___ Exercise inputs ___

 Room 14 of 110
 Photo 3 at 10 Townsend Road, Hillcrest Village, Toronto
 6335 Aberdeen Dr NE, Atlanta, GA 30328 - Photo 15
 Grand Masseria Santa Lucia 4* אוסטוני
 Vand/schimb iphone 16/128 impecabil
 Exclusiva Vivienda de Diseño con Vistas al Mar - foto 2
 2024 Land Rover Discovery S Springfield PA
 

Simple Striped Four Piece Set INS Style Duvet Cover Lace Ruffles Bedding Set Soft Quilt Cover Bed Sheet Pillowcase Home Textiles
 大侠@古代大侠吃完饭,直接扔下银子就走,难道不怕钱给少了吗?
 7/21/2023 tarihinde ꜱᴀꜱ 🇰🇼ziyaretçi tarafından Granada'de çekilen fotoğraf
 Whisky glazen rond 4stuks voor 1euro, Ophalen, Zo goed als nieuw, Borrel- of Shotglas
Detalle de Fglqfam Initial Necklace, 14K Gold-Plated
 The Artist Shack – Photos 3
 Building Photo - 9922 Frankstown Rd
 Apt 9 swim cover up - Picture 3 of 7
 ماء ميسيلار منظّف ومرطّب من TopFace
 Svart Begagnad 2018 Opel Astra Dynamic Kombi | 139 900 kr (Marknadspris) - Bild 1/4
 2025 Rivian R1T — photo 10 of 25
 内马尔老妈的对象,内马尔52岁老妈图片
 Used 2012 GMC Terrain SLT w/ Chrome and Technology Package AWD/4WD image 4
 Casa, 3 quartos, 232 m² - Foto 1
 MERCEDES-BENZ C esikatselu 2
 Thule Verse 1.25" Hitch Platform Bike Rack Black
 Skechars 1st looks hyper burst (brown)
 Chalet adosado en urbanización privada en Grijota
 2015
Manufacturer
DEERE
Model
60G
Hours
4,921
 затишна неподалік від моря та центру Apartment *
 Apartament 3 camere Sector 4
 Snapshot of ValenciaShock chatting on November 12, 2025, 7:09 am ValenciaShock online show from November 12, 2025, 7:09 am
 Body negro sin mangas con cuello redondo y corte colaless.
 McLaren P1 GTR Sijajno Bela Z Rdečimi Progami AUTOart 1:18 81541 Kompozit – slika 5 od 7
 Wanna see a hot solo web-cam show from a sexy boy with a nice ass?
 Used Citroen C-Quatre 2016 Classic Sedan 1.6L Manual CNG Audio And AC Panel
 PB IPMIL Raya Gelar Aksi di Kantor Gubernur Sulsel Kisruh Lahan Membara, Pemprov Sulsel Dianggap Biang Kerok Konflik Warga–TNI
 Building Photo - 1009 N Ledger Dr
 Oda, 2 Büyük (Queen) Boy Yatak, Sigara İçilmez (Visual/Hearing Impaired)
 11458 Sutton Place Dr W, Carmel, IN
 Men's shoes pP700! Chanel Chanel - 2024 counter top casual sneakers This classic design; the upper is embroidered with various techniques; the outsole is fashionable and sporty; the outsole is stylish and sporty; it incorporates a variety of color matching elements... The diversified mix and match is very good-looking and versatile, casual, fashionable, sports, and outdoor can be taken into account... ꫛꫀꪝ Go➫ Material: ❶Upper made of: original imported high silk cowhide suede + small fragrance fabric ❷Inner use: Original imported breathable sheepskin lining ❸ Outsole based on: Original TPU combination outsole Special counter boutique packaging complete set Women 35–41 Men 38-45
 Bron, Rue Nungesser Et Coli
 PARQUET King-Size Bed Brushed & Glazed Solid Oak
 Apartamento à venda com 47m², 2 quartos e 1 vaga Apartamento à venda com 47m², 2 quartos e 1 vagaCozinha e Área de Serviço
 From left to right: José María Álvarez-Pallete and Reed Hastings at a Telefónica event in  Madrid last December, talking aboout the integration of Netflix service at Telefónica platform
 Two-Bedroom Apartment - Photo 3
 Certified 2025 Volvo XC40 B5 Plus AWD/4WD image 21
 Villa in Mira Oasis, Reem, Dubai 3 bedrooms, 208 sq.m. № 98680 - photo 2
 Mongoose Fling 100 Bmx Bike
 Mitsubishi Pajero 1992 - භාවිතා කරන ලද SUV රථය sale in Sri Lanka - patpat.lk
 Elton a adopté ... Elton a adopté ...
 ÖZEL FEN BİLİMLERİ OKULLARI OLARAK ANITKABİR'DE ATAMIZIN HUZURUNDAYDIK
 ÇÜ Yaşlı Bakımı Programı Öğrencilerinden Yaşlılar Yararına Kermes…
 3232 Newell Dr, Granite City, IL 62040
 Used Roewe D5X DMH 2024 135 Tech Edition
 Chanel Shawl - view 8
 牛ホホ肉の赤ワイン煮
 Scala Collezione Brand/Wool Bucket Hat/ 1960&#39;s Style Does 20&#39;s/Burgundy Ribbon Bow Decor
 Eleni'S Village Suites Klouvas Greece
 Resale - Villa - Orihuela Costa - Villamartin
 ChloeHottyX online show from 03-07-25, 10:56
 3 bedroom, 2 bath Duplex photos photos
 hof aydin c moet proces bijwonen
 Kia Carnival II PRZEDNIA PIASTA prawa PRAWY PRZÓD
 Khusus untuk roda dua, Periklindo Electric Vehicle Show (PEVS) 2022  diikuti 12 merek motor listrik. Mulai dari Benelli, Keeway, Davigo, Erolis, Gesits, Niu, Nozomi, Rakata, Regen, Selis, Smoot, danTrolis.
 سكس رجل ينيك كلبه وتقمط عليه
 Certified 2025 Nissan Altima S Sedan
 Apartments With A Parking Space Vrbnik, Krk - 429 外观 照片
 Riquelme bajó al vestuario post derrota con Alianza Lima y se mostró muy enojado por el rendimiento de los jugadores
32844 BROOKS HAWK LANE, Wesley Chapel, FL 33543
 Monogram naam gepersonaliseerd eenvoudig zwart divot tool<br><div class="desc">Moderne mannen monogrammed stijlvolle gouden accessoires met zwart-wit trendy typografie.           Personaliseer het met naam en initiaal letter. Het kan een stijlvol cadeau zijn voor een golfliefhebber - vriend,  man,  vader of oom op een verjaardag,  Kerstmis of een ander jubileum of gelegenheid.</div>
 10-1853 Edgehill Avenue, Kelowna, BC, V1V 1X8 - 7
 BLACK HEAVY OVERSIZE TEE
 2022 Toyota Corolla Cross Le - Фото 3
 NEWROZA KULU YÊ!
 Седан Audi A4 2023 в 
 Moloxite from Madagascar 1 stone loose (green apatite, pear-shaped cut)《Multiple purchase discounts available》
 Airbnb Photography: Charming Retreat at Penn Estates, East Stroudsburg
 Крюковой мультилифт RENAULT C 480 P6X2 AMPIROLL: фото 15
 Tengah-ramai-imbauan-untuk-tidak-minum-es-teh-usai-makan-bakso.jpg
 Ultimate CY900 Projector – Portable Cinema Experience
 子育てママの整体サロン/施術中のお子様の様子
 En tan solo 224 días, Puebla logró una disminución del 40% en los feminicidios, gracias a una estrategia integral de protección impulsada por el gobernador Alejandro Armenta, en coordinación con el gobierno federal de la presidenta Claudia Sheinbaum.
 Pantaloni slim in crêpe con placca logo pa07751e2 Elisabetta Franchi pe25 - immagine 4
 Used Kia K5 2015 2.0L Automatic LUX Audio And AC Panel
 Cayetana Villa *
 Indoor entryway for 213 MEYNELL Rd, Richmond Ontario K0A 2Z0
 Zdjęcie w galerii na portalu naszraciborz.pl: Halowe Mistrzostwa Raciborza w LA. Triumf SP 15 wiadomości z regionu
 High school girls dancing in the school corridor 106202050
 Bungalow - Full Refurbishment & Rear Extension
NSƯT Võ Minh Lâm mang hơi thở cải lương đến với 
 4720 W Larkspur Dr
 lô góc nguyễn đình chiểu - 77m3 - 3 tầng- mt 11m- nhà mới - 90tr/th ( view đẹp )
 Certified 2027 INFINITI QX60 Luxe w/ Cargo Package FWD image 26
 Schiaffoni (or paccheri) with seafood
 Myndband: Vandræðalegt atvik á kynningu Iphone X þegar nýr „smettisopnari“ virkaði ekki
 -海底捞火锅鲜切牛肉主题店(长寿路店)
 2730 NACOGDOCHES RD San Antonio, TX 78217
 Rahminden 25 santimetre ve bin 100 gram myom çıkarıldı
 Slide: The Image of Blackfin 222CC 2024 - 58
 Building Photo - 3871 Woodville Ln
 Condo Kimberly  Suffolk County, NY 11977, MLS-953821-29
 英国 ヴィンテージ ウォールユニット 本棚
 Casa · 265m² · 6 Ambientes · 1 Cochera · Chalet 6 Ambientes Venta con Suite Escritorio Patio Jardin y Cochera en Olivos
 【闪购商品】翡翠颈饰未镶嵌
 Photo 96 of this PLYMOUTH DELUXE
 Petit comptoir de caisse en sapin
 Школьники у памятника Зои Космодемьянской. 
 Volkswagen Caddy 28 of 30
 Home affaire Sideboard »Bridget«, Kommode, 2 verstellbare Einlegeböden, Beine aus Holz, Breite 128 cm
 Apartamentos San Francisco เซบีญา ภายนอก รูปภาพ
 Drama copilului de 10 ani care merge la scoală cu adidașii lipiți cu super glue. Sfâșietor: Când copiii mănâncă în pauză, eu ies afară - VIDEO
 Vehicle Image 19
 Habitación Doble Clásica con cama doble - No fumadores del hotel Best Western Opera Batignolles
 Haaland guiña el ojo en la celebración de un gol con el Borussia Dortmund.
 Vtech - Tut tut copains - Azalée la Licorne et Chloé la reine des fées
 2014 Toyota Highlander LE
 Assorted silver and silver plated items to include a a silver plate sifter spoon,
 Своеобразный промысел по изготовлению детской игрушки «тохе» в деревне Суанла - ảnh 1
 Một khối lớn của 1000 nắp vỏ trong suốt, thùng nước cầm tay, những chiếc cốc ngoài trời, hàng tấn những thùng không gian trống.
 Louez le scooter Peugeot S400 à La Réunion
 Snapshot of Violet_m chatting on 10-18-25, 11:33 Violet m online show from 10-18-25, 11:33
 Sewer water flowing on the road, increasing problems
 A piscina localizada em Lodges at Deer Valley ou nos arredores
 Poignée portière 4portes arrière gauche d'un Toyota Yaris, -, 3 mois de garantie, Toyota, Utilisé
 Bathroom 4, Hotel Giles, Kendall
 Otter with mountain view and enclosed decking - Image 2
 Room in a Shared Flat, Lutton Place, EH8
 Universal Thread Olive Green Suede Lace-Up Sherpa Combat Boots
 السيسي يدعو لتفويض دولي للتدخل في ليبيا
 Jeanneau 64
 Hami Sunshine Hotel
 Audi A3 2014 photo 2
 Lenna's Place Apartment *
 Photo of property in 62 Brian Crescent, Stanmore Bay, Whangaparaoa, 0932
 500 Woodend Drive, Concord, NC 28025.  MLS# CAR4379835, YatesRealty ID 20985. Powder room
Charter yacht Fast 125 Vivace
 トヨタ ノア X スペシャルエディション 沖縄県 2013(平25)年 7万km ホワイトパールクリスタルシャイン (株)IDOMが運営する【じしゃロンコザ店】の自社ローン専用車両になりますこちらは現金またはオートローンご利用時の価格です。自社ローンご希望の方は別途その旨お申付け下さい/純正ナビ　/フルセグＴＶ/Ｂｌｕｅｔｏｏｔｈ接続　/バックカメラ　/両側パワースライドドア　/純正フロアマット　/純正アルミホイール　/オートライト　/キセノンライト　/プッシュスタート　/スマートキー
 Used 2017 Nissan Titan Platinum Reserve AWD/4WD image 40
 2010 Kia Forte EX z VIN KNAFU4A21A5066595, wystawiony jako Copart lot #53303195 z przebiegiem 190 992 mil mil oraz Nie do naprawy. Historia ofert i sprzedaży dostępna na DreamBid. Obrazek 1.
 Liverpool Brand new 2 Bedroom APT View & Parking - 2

___

## [Task brief]
Precisely the lines between those holding "3232 Newell Dr, Granite City, IL 62040" and "hof aydin c moet proces bijwonen", inclusive, are to be reproduced from the listing above, with nothing added.

## [Expected answer]
 3232 Newell Dr, Granite City, IL 62040
 Used Roewe D5X DMH 2024 135 Tech Edition
 Chanel Shawl - view 8
 牛ホホ肉の赤ワイン煮
 Scala Collezione Brand/Wool Bucket Hat/ 1960&#39;s Style Does 20&#39;s/Burgundy Ribbon Bow Decor
 Eleni'S Village Suites Klouvas Greece
 Resale - Villa - Orihuela Costa - Villamartin
 ChloeHottyX online show from 03-07-25, 10:56
 3 bedroom, 2 bath Duplex photos photos
 hof aydin c moet proces bijwonen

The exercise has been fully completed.